**Task item**
Write the listing out again in full. Every character must match.
--- Data for analysis ---
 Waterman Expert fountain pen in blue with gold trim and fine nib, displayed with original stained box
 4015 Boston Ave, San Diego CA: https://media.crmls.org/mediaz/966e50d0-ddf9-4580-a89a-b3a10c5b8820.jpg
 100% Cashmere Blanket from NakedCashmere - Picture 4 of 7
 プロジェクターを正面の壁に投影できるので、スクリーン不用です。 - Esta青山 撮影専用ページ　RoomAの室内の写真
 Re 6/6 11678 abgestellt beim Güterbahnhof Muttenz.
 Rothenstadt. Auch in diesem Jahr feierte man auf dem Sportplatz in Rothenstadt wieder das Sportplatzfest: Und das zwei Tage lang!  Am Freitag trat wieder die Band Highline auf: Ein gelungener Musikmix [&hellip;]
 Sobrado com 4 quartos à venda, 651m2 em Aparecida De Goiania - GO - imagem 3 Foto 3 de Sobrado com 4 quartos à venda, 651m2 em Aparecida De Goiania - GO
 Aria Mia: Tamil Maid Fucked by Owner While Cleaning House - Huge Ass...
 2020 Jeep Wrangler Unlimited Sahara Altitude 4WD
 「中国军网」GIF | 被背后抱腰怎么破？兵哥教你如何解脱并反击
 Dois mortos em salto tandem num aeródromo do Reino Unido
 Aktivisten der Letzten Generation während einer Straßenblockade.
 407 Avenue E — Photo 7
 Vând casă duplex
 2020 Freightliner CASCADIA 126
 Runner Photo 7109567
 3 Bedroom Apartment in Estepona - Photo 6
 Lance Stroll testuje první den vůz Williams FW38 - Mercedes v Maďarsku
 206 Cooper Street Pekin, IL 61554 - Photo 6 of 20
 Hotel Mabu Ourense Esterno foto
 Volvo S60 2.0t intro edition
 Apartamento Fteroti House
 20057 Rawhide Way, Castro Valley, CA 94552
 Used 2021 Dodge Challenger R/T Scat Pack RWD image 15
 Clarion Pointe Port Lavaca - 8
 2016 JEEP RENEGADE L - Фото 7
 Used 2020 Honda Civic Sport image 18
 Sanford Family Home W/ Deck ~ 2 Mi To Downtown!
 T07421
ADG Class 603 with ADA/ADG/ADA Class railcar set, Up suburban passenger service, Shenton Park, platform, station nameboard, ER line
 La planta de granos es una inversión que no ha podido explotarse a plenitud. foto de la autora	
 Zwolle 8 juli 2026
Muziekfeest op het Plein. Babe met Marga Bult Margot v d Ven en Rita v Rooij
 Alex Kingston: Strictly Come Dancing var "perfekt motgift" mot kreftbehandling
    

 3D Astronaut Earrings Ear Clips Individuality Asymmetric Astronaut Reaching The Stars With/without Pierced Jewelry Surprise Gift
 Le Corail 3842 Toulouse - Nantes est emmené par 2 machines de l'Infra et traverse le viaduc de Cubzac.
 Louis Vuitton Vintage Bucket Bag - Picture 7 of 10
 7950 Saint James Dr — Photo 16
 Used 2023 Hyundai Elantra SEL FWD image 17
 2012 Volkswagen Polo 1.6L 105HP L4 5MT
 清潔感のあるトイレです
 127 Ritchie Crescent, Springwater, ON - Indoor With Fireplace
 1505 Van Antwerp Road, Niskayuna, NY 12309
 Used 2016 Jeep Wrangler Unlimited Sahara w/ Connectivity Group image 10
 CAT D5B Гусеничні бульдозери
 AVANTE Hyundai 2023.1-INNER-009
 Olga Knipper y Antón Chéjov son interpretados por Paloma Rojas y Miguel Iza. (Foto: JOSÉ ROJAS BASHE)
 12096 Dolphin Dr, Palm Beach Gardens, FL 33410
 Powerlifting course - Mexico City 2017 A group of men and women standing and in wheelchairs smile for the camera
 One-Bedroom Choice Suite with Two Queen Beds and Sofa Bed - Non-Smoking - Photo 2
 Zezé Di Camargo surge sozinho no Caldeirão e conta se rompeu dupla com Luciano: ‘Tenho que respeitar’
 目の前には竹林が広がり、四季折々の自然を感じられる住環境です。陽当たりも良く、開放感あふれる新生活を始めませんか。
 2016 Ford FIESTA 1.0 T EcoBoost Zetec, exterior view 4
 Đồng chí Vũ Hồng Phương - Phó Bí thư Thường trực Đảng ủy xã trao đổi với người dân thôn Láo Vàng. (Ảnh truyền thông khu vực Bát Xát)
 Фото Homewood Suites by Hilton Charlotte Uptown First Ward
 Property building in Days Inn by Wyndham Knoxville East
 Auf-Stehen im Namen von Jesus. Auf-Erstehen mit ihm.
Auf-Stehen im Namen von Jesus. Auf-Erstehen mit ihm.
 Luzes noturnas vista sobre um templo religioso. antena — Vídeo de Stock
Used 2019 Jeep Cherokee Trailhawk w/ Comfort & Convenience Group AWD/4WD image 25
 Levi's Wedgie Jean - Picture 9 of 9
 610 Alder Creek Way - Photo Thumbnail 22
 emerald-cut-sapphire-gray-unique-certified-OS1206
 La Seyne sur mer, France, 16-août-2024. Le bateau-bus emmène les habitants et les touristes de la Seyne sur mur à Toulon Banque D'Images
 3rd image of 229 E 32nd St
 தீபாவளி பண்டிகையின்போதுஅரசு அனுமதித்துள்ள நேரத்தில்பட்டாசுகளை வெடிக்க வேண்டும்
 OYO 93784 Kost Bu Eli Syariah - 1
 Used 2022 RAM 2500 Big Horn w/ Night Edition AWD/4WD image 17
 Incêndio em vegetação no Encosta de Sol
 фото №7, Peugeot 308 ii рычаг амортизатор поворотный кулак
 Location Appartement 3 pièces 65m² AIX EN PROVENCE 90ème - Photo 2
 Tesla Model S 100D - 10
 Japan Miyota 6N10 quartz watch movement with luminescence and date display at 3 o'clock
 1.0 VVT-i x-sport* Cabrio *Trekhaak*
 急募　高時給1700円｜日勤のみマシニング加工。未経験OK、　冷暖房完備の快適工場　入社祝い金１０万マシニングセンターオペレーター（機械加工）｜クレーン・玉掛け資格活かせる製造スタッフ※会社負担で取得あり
---
**Solved problem**
 Waterman Expert fountain pen in blue with gold trim and fine nib, displayed with original stained box
 4015 Boston Ave, San Diego CA: https://media.crmls.org/mediaz/966e50d0-ddf9-4580-a89a-b3a10c5b8820.jpg
 100% Cashmere Blanket from NakedCashmere - Picture 4 of 7
 プロジェクターを正面の壁に投影できるので、スクリーン不用です。 - Esta青山 撮影専用ページ　RoomAの室内の写真
 Re 6/6 11678 abgestellt beim Güterbahnhof Muttenz.
 Rothenstadt. Auch in diesem Jahr feierte man auf dem Sportplatz in Rothenstadt wieder das Sportplatzfest: Und das zwei Tage lang!  Am Freitag trat wieder die Band Highline auf: Ein gelungener Musikmix [&hellip;]
 Sobrado com 4 quartos à venda, 651m2 em Aparecida De Goiania - GO - imagem 3 Foto 3 de Sobrado com 4 quartos à venda, 651m2 em Aparecida De Goiania - GO
 Aria Mia: Tamil Maid Fucked by Owner While Cleaning House - Huge Ass...
 2020 Jeep Wrangler Unlimited Sahara Altitude 4WD
 「中国军网」GIF | 被背后抱腰怎么破？兵哥教你如何解脱并反击
 Dois mortos em salto tandem num aeródromo do Reino Unido
 Aktivisten der Letzten Generation während einer Straßenblockade.
 407 Avenue E — Photo 7
 Vând casă duplex
 2020 Freightliner CASCADIA 126
 Runner Photo 7109567
 3 Bedroom Apartment in Estepona - Photo 6
 Lance Stroll testuje první den vůz Williams FW38 - Mercedes v Maďarsku
 206 Cooper Street Pekin, IL 61554 - Photo 6 of 20
 Hotel Mabu Ourense Esterno foto
 Volvo S60 2.0t intro edition
 Apartamento Fteroti House
 20057 Rawhide Way, Castro Valley, CA 94552
 Used 2021 Dodge Challenger R/T Scat Pack RWD image 15
 Clarion Pointe Port Lavaca - 8
 2016 JEEP RENEGADE L - Фото 7
 Used 2020 Honda Civic Sport image 18
 Sanford Family Home W/ Deck ~ 2 Mi To Downtown!
 T07421
ADG Class 603 with ADA/ADG/ADA Class railcar set, Up suburban passenger service, Shenton Park, platform, station nameboard, ER line
 La planta de granos es una inversión que no ha podido explotarse a plenitud. foto de la autora	
 Zwolle 8 juli 2026
Muziekfeest op het Plein. Babe met Marga Bult Margot v d Ven en Rita v Rooij
 Alex Kingston: Strictly Come Dancing var "perfekt motgift" mot kreftbehandling
    

 3D Astronaut Earrings Ear Clips Individuality Asymmetric Astronaut Reaching The Stars With/without Pierced Jewelry Surprise Gift
 Le Corail 3842 Toulouse - Nantes est emmené par 2 machines de l'Infra et traverse le viaduc de Cubzac.
 Louis Vuitton Vintage Bucket Bag - Picture 7 of 10
 7950 Saint James Dr — Photo 16
 Used 2023 Hyundai Elantra SEL FWD image 17
 2012 Volkswagen Polo 1.6L 105HP L4 5MT
 清潔感のあるトイレです
 127 Ritchie Crescent, Springwater, ON - Indoor With Fireplace
 1505 Van Antwerp Road, Niskayuna, NY 12309
 Used 2016 Jeep Wrangler Unlimited Sahara w/ Connectivity Group image 10
 CAT D5B Гусеничні бульдозери
 AVANTE Hyundai 2023.1-INNER-009
 Olga Knipper y Antón Chéjov son interpretados por Paloma Rojas y Miguel Iza. (Foto: JOSÉ ROJAS BASHE)
 12096 Dolphin Dr, Palm Beach Gardens, FL 33410
 Powerlifting course - Mexico City 2017 A group of men and women standing and in wheelchairs smile for the camera
 One-Bedroom Choice Suite with Two Queen Beds and Sofa Bed - Non-Smoking - Photo 2
 Zezé Di Camargo surge sozinho no Caldeirão e conta se rompeu dupla com Luciano: ‘Tenho que respeitar’
 目の前には竹林が広がり、四季折々の自然を感じられる住環境です。陽当たりも良く、開放感あふれる新生活を始めませんか。
 2016 Ford FIESTA 1.0 T EcoBoost Zetec, exterior view 4
 Đồng chí Vũ Hồng Phương - Phó Bí thư Thường trực Đảng ủy xã trao đổi với người dân thôn Láo Vàng. (Ảnh truyền thông khu vực Bát Xát)
 Фото Homewood Suites by Hilton Charlotte Uptown First Ward
 Property building in Days Inn by Wyndham Knoxville East
 Auf-Stehen im Namen von Jesus. Auf-Erstehen mit ihm.
Auf-Stehen im Namen von Jesus. Auf-Erstehen mit ihm.
 Luzes noturnas vista sobre um templo religioso. antena — Vídeo de Stock
Used 2019 Jeep Cherokee Trailhawk w/ Comfort & Convenience Group AWD/4WD image 25
 Levi's Wedgie Jean - Picture 9 of 9
 610 Alder Creek Way - Photo Thumbnail 22
 emerald-cut-sapphire-gray-unique-certified-OS1206
 La Seyne sur mer, France, 16-août-2024. Le bateau-bus emmène les habitants et les touristes de la Seyne sur mur à Toulon Banque D'Images
 3rd image of 229 E 32nd St
 தீபாவளி பண்டிகையின்போதுஅரசு அனுமதித்துள்ள நேரத்தில்பட்டாசுகளை வெடிக்க வேண்டும்
 OYO 93784 Kost Bu Eli Syariah - 1
 Used 2022 RAM 2500 Big Horn w/ Night Edition AWD/4WD image 17
 Incêndio em vegetação no Encosta de Sol
 фото №7, Peugeot 308 ii рычаг амортизатор поворотный кулак
 Location Appartement 3 pièces 65m² AIX EN PROVENCE 90ème - Photo 2
 Tesla Model S 100D - 10
 Japan Miyota 6N10 quartz watch movement with luminescence and date display at 3 o'clock
 1.0 VVT-i x-sport* Cabrio *Trekhaak*
 急募　高時給1700円｜日勤のみマシニング加工。未経験OK、　冷暖房完備の快適工場　入社祝い金１０万マシニングセンターオペレーター（機械加工）｜クレーン・玉掛け資格活かせる製造スタッフ※会社負担で取得あり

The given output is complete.